Segundo uma antiga tradição, podemos distinguir dois [grandes ou principais] sentidos das Escrituras: o sentido literal e o sentido espiritual, sendo este último subdividido em sentidos alegórico, moral e anagógico. A concordância profunda entre os quatro sentidos garante toda a sua riqueza à leitura viva da Escritura na Igreja.

Sentido literal
. É o sentido significado pelas palavras mesmas das Escrituras, descoberto pela exegese que segue as regras da correta interpretação. “Omnes sensus fundantur super litteralem – Todos os sentidos (das Sagradas Escrituras) devem estar fundados no literal”.

Sentido espiritual. Graças à unidade do projeto de Deus, não somente o texto da Escritura, mas também as realidades e os acontecimentos de que fala, podem ser sinais.
    1. O sentido alegórico. Podemos adquirir uma compreensão mais profunda dos acontecimentos reconhecendo a significação deles em Cristo; assim, a travessia do Mar Vermelho é um sinal da vitória de Cristo, e também do Batismo. 
    2. O sentido moral. Os acontecimentos relatados nas Escrituras devem nos conduzir a um justo agir. Eles foram escritos “para a nossa instrução” (1Cor 10,11).

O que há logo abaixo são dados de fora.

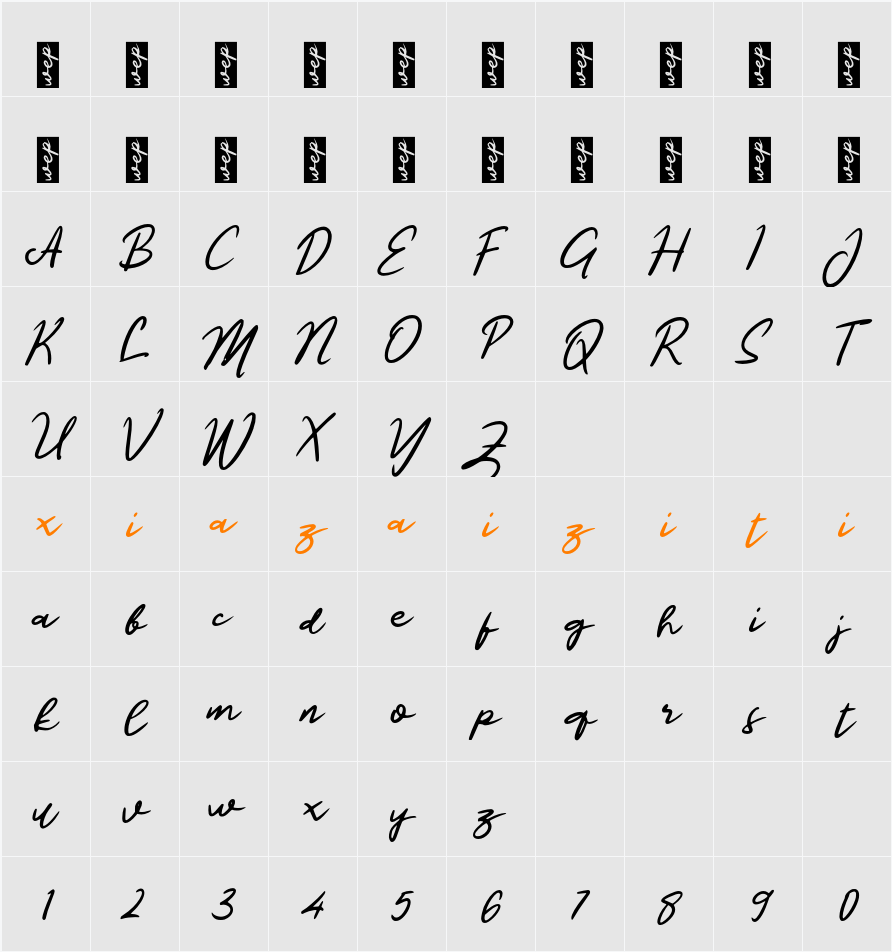 L Lelono Script 字符映射表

    3. O sentido anagógico. Podemos ver realidades e acontecimentos em sua significação eterna, conduzindo-nos (grego anagogé) à nossa Pátria celeste. Assim, a Igreja na Terra é sinal da Jerusalém celeste.

Um dístico medieval resume a significação dos quatro sentidos: "Littera gesta docei, quid credas allegoria; moralis quid agas, quo tendas anagogia A letra ensina o que aconteceu, a alegoria, o que deves crer; a moral, o que deves fazer; a anagogia, para onde deves caminhar".

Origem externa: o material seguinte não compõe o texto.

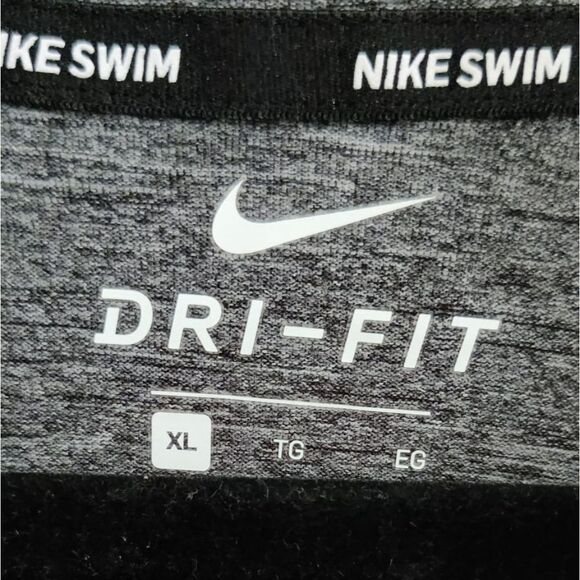 Nike Swim Gray Dri-FIT Hoodie Sweatshirt Size XL - Picture 10 of 11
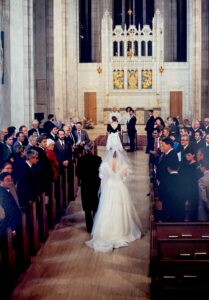 interior of Trinity College Chapel in 1988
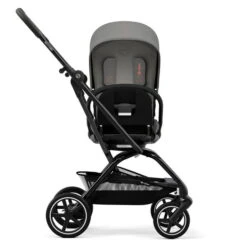 CYBEX Eezy S Twist+2 Buggy Lava Grey Gestell Black | Mit All-Terrain Rädern -Kinderreise Angebote Store cyb 22 int y270 eezystwist 2 blk lagr rotation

É dever dos exegetas esforçar-se, dentro dessas diretrizes, por entender e expor com maior  aprofundamento o sentido das Sagradas Escrituras, a fim de que, por seu trabalho como que preparatório, amadureça o julgamento da Igreja. Pois todas estas coisas que concernem à maneira de interpretar a Escritura estão sujeitas, em última instância, ao juízo da Igreja, que exerce o divino ministério e mandato do guardar e interpretar a Palavra de Deus.

(CIC §§115–119)

    Quando o Catecismo diz que o sentido literal “é o expresso pelas palavras das Escrituras e descoberto pela exegese segundo as regras da reta interpretação”, e especialmente que “todos os sentidos (das Sagradas Escrituras) se fundamentam no literal”, não quer significar que toda Escritura deva ser interpretada num único e mesmo sentido. O gênero, as formas literárias, os idiomas, os contextos históricos, etc, tudo deve ser levado em conta para encontrar este “sentido literal”. 

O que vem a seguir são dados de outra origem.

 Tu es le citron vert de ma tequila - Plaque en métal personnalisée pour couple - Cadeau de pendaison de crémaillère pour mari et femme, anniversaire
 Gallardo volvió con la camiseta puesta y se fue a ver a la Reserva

    De volta aos exemplos clássicos, porque serão sempre inescapáveis: se o autor de Gênesis quis expressar metaforicamente a tarde e a manhã do primeiro dia, quando ainda não havia Sol e Lua, bem como os “seis dias da Criação” (tudo indica que sim), então ler e entender como metáfora é o sentido literal nesses casos (por isso a Igreja nunca concordou com leituras fundamentalistas da Bíblia).

    Pensadores materialistas como o conhecido poeta inglês Robert Graves, um notável especialista dos mitos, em suas reflexões parece querer nivelar tudo, reduzindo a verdade da Revelação a apenas mais um mito entre tantos outros. É humanamente compreensível que estudiosos materialistas tratem a Bíblia como um mito em tudo igual aos demais, por questão de método. E quando fazem isso, até são capazes de inteligir coisas interessantes, às vezes. Mas isso cria o maior de todos os problemas aos se lidar com a Bíblia – o mesmo erro que cometem os fundamentalistas, só que "invertido" –, que é dar as costas à realidade objetiva e perder aquilo que é essencial e decisivo no Texto. 

    Destacamos a seguir algumas reflexões do professor e autor Francisco Escorsim[1] em entrevista ao jornalista Adalberto de Queiroz, para o Jornal Opção[2], porque se configuram em uma boa síntese do conjunto das coisas em que creem (e que apregoam) os teólogos católicos tradicionais mais moderados atualmente, os que admitem uma visão mitológica (sendo o ‘mito’ subentendido aqui enquanto gênero literário, e neste sentido estrito) da Bíblia. Segue:

O centro da Bíblia está na Encarnação de Jesus Cristo: isto é um fato inegável e que transforma a Bíblia no ‘Mito dos mitos’. Todos os demais (mitos), a partir da Encarnação, têm de ser encarados à luz desse fato, e não como iguais. A diferença entre a Bíblia e outros mitos é a mesma que há entre um ser humano e um desenho seu.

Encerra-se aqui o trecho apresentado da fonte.